─── Records provided ───

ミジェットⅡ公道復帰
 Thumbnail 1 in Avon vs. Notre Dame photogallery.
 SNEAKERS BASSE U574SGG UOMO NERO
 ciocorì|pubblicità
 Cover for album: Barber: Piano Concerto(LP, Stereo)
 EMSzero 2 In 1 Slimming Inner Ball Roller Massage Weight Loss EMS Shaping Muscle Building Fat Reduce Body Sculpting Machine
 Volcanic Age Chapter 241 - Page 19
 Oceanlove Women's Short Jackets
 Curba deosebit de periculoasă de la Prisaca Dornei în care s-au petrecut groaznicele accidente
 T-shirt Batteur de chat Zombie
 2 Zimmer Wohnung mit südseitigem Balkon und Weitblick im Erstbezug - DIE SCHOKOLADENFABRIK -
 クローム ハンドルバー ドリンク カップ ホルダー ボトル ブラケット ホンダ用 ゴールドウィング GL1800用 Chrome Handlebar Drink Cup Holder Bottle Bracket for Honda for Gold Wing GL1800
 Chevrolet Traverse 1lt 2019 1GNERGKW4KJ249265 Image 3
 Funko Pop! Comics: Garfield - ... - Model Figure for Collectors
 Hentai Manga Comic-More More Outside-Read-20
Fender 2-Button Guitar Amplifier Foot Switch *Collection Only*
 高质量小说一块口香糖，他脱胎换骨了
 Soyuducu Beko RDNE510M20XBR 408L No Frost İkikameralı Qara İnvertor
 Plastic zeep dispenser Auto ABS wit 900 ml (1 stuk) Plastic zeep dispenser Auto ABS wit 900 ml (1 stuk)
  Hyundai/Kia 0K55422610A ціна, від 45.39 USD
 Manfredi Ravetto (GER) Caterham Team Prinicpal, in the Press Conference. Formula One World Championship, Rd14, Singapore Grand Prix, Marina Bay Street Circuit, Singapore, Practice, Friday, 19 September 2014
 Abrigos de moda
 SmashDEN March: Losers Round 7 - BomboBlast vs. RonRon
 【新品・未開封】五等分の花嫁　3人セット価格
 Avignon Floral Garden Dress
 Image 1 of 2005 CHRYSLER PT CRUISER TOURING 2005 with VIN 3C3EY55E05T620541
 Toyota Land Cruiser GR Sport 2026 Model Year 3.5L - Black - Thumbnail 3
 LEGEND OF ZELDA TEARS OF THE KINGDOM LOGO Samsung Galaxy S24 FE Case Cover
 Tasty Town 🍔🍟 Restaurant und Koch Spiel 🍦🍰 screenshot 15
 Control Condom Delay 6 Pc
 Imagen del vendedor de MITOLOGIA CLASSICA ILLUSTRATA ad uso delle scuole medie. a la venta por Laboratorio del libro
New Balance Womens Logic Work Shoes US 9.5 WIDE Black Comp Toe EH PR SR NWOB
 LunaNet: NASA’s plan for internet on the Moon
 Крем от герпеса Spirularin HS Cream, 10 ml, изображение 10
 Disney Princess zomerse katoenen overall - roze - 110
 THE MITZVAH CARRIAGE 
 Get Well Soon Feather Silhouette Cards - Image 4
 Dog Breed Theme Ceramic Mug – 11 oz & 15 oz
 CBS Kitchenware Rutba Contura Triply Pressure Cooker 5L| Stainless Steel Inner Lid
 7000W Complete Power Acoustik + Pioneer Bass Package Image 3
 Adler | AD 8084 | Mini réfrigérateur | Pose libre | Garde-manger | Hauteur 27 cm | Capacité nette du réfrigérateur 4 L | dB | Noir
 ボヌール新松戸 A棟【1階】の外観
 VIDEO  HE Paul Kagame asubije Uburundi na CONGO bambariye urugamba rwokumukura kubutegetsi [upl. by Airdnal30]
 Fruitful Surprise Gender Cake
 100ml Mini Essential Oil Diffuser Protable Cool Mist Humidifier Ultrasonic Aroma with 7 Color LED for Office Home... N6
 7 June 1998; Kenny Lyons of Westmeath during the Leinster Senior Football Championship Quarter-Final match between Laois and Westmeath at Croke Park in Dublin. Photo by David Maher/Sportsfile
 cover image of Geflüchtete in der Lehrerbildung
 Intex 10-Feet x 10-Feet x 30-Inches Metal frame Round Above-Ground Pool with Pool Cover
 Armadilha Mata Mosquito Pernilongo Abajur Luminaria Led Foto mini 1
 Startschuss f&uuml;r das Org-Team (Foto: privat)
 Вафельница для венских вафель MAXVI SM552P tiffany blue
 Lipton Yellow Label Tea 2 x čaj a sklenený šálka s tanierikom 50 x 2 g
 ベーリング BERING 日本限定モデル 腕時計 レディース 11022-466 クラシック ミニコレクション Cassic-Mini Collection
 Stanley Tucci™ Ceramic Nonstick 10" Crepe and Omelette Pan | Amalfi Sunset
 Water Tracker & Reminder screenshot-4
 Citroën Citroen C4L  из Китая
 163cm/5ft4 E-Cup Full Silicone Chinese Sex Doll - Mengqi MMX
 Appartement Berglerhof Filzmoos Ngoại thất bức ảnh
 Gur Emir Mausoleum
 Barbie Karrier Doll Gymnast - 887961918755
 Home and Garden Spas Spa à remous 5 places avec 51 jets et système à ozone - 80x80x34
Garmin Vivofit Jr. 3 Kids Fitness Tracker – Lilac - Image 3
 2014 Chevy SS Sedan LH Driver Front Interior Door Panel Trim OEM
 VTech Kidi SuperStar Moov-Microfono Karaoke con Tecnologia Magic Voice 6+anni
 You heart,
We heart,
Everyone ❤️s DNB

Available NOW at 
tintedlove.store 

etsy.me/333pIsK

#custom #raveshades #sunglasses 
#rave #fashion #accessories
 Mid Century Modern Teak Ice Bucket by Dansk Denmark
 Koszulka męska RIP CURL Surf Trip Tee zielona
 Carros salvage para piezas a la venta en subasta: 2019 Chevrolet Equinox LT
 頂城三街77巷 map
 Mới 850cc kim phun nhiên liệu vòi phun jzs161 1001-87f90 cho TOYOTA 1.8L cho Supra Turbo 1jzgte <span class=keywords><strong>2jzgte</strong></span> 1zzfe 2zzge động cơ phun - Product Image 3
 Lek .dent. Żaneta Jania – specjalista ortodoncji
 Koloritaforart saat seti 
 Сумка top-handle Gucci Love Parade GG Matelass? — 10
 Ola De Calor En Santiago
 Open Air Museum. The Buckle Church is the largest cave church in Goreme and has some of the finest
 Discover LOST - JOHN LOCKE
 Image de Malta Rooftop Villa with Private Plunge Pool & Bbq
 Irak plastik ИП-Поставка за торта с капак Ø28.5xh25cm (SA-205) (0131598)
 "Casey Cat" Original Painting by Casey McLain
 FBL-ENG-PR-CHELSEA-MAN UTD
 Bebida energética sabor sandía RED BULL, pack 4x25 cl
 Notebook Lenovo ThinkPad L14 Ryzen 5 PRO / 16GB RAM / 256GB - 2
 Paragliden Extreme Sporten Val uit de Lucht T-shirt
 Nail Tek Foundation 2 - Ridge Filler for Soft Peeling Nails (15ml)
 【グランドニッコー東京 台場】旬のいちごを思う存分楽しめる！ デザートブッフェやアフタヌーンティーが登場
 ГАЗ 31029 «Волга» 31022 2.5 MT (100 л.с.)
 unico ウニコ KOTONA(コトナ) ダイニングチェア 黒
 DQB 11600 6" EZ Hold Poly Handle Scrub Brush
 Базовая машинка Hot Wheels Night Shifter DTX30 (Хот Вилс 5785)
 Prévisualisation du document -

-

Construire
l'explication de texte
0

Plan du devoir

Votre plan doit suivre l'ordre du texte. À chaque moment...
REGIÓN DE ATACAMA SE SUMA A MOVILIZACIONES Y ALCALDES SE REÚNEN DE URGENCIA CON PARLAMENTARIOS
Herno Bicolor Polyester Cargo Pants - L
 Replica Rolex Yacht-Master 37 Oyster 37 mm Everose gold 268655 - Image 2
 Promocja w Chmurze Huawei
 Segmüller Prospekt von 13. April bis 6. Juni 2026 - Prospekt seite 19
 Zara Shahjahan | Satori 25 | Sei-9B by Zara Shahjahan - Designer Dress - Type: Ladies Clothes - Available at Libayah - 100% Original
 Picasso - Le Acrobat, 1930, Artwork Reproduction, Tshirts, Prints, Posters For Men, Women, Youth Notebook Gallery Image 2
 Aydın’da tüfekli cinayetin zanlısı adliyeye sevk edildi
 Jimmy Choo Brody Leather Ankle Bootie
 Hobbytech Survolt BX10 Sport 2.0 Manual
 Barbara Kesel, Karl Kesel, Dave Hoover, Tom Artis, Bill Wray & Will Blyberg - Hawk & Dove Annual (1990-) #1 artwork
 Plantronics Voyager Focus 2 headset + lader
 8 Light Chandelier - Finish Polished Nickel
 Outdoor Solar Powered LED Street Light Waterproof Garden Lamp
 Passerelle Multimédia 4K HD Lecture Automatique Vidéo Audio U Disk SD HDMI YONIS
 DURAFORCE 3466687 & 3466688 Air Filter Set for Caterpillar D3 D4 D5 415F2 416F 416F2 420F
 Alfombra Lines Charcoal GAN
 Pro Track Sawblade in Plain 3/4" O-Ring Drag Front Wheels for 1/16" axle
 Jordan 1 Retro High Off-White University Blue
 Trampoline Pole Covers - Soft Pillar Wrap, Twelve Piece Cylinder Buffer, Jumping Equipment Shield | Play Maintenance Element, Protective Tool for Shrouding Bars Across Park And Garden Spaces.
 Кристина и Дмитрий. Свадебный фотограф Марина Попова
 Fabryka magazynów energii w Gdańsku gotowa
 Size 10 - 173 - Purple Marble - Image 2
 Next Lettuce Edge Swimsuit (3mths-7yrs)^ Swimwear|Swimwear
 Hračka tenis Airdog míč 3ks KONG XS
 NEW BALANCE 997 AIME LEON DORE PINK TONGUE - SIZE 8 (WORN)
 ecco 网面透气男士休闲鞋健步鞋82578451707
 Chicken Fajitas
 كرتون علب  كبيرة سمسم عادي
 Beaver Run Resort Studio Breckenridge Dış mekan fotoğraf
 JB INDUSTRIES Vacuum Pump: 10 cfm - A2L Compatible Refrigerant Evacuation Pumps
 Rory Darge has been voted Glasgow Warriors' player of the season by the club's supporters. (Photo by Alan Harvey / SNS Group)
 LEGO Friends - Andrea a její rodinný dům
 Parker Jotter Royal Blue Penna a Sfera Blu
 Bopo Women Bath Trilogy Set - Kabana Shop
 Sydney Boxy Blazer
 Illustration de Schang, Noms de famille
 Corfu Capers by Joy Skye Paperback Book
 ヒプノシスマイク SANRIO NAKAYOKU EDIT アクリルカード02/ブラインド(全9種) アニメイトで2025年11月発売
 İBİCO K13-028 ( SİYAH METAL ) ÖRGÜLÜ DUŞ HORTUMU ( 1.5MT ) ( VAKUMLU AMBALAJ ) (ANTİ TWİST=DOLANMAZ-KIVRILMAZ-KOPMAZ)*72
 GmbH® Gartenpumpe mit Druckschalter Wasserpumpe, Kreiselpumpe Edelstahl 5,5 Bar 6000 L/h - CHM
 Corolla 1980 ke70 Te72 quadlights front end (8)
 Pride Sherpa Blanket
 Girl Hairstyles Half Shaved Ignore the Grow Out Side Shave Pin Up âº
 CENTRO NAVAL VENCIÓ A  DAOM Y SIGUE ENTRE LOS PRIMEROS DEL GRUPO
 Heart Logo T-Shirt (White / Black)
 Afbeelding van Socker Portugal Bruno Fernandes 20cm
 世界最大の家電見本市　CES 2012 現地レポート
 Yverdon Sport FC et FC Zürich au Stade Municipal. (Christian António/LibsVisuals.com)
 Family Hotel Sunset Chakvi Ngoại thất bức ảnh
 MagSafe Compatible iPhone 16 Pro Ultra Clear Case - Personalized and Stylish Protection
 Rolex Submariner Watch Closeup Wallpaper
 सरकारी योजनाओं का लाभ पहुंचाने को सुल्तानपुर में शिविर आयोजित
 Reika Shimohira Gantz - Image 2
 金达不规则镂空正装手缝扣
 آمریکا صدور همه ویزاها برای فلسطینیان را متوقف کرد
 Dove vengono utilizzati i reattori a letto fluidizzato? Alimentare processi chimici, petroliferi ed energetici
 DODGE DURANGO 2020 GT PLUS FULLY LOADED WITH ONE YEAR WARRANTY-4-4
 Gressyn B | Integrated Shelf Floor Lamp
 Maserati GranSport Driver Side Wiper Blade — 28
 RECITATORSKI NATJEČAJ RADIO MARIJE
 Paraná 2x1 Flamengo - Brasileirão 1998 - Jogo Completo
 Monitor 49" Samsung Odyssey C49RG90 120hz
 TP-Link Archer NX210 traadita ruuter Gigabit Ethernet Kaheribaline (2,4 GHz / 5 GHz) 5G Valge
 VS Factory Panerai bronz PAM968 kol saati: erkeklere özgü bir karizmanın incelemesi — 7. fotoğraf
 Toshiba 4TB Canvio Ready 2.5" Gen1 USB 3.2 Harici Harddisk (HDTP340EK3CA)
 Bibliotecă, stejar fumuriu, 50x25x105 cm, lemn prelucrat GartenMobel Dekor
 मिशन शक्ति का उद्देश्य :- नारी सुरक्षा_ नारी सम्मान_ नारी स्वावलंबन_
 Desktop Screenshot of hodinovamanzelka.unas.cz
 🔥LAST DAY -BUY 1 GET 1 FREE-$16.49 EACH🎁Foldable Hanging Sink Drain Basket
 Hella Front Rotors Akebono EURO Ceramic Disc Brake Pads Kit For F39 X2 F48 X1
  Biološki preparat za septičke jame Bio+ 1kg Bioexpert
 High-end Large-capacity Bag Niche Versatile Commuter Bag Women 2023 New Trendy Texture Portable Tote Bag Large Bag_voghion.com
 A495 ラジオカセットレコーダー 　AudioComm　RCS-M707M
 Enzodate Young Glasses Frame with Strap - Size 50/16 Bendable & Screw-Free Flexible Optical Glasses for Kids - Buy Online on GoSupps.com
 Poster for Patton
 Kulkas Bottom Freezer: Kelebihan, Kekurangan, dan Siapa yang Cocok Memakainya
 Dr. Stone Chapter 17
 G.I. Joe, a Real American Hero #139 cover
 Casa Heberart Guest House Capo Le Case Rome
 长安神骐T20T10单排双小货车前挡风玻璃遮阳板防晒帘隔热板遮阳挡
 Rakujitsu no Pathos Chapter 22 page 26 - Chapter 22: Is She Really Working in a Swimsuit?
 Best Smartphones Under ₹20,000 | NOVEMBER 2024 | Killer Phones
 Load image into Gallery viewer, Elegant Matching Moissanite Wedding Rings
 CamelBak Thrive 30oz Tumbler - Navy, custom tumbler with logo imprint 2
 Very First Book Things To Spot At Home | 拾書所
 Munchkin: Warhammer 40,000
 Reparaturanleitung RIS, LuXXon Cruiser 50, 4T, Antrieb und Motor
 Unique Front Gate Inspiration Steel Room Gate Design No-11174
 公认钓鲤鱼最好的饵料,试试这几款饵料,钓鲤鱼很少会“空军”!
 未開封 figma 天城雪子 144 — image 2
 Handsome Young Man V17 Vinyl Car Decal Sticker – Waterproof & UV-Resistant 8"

───

--- What is expected ---
Which of the lines in the material above contain "Rolex"? Copy each one out.

--- Output for this task ---
 Replica Rolex Yacht-Master 37 Oyster 37 mm Everose gold 268655 - Image 2
 Rolex Submariner Watch Closeup Wallpaper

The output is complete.